Comme la chanson titre « Adieu l’Enfance » par exemple…

Je n’aime pas la joie obligatoire, le côté festif imposé. Il y a des trucs qui me mettent en joie, par exemple Luzmila Carpio, je ne sais pas si tu connais, elle a cette voix des montagnes, cette voix qui te donne le vertige, t’évoque instantanément l’altitude avec son air raréfié. Elle agit immédiatement sur moi, j’ai envie de rire – d’un rire céleste, ivre – , de danser en l’écoutant. En général, je t’avoue, j’ai tendance à aimer la musique de torturés, de gens qui défendent une certaine radicalité, prennent des risques. Mes héros, ce sont Nico, John Cale, Alex Chilton, Fever Ray…. C’est d’ailleurs un dilemme pour moi car je suis plutôt conciliante dans la vie, enfin avec les autres humains, pas toujours avec les idées, mais dans la musique, j’essaie de mettre de côté mon côté conciliateur, d’aller au bout de quelque chose au risque de déplaire à certains. Une amie m’a dit cette chanson est scandaleuse, tu ne peux pas lui parler comme ça à cette petite fille qui t’a construite. Mais en même temps tu as 3 minutes pour dire quelque chose, il faut une intensité, il faut aller au bout. C’est de la pop : tu ne fais pas de la politique ou de la philosophie, pas la peine d’amoindrir ou d’équilibrer les choses. Je vais dans cette direction là dans « Adieu l’enfance », avec cette fin, hors format pop, qui part en grande coulée de lave libératoire. Mais du coup, ma propre chanson peut me donner envie de pleurer si je réfléchis trop à ce que je chante. D’un seul coup, ce que je dis me revient à la gueule !

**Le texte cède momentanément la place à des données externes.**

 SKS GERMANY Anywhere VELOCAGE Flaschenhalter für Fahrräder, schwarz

Justement il y a un lien entre la philosophie et ta musique ?

Oui il y a un lien à la fois fondamental, et en même temps complètement secondaire. J’écris des chansons depuis que j’ai 6 ans, j’enregistrais des compos sur ma mère sur un magnéto d’enfant, genre Playskool. Ma mère est andalouse, elle n’a jamais été chanteuse professionnelle mais elle chantait tout le temps, elle nous apprenait des petites chansons ou des poèmes du Siècle d’Or espagnol, les cantejondos de Garcia Lorca, etc. Elle n’a pas fait de grandes études, elle était ouvrière, mais elle avait cette culture. Chez moi, il y a toujours eu ce rapport assez intense à la musique, à la tristesse transfigurée par la musique ; mes sœurs et mon frère c’est pareil, on peut pleurer ensemble sur une chanson, juste parce que c’est beau. D’ailleurs, parmi toutes mes chansons préférées des Smiths – il y en a plusieurs… —   il y a cette chanson tu sais sur The Queen is dead « Oh Mother I Can Feel The Soil Falling Over My Head… »

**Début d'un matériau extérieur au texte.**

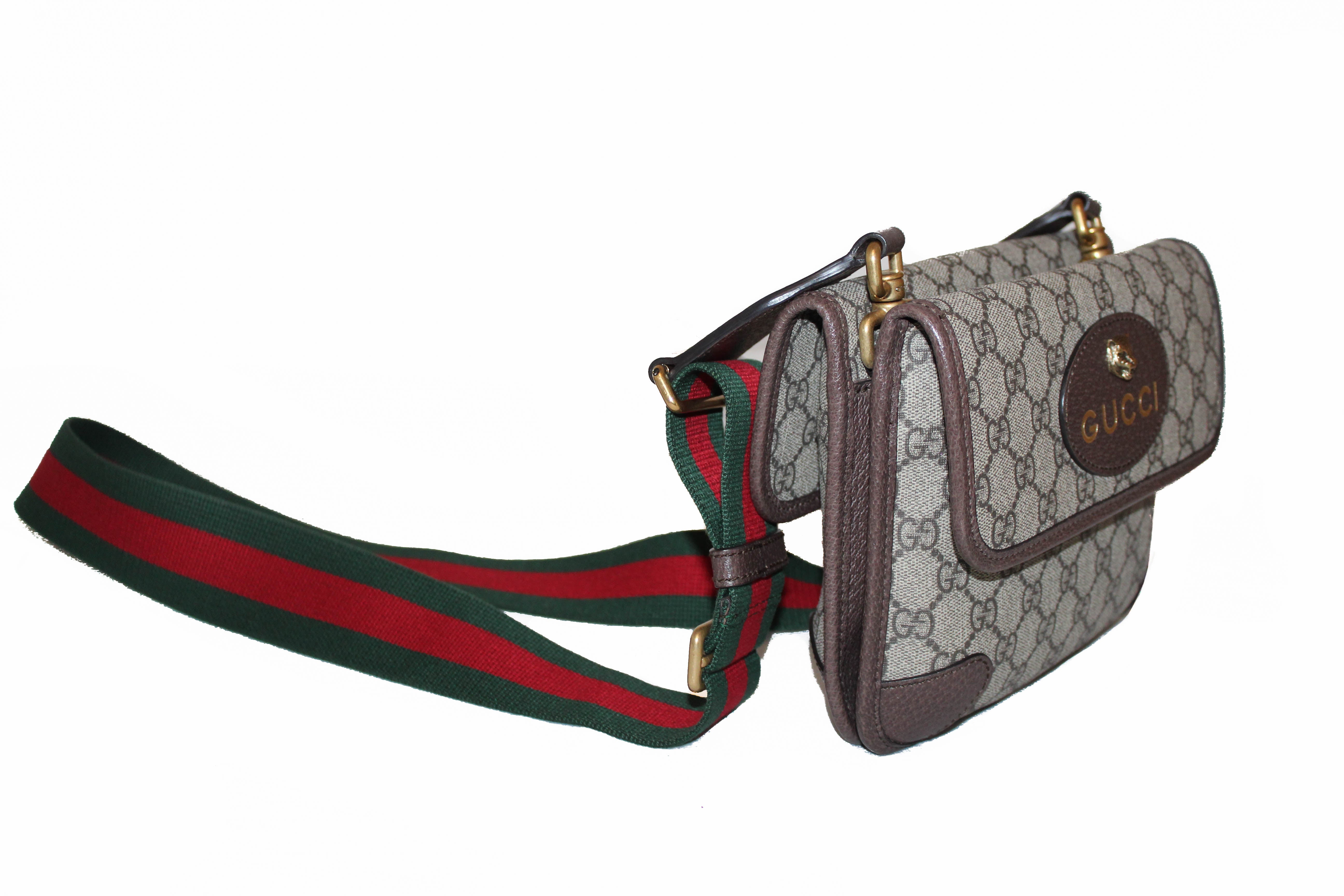 Shop authentic Gucci Feline Neo Vintage GG Supreme Belt Bag at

« I Know It’s Over » sublime…

C’est ça. A l’époque, quand j’ai découvert les Smiths, j’avais 12-13 ans et cette chanson à la fois très lyrique et un peu excessive dans son lyrisme justement, audacieuse du coup, ça me paraissait fort, dingue… Il y a chez moi un rapport ancien, primitif, pas du tout intellectualisé, très sensible à la musique. Par la suite, j’ai suivi ce parcours philosophique et j’ai fait une thèse sur Adorno, et cela te forge aussi bien sûr. D’autant qu’Adorno est un auteur passionnant à propos de la musique justement. On lui doit l’expression « industrie culturelle », qui pour lui avait un sens très polémique – la contradiction d’une fabrication en série d’oeuvres d’art, réputées uniques, singulières, par essence -, aujourd’hui oublié. Adorno est très critique – mais aussi très profond – à propos de la musique pop dont il observe les débuts. C’est un peu paradoxal de jouer de la pop et de faire une thèse sur ce type qui la détestait, et en même temps j’y ai trouvé ma propre vérité, ce sentiment que beaucoup de musiciens partagent, de quelque chose d’inauthentique dans cette musique – on le sait, c’est de la musique enregistrée, qui passe beaucoup par l’image, c’est de la musique qui prétend sans cesse à l’authenticité alors qu’à partir du moment où tu te mets à répéter 150 000 fois la même chanson ça ne peut pas l’être, tu n’as plus la même intensité. C’est aussi un art complètement pris dans les filets de l’industrie, dans les exigences de la diffusion massive. Mais c’est peut être ça que j’aime dans la pop, ce stigmate dès le départ, ce n’est pas un art sublime, c’est un art humble mais qui a la folie des grandeurs en même temps, et qui n’a jamais ignoré sa part de ridicule, de mascarade. De Prince à Tupac, elle a des rois, mais elle n’a que des trônes en carton, et elle le sait. C’est peut-être aussi ce qui lui donne aussi cette force incomparable : elle sait que les contenus culturels sont périssables et à quel point le langage se fatigue vite. Les disques que j’aime sont souvent ceux qui ont cette conscience en eux. Comme Morrissey qui commence à parler de ses peines de cœur et ses états d’âme à un moment où la pop aurait pu se réifier dans une pose virile sans nuances ou dans la mièvrerie. Et lui, tout à coup, il ramène du lyrisme et de l’ironie, il transforme la donne.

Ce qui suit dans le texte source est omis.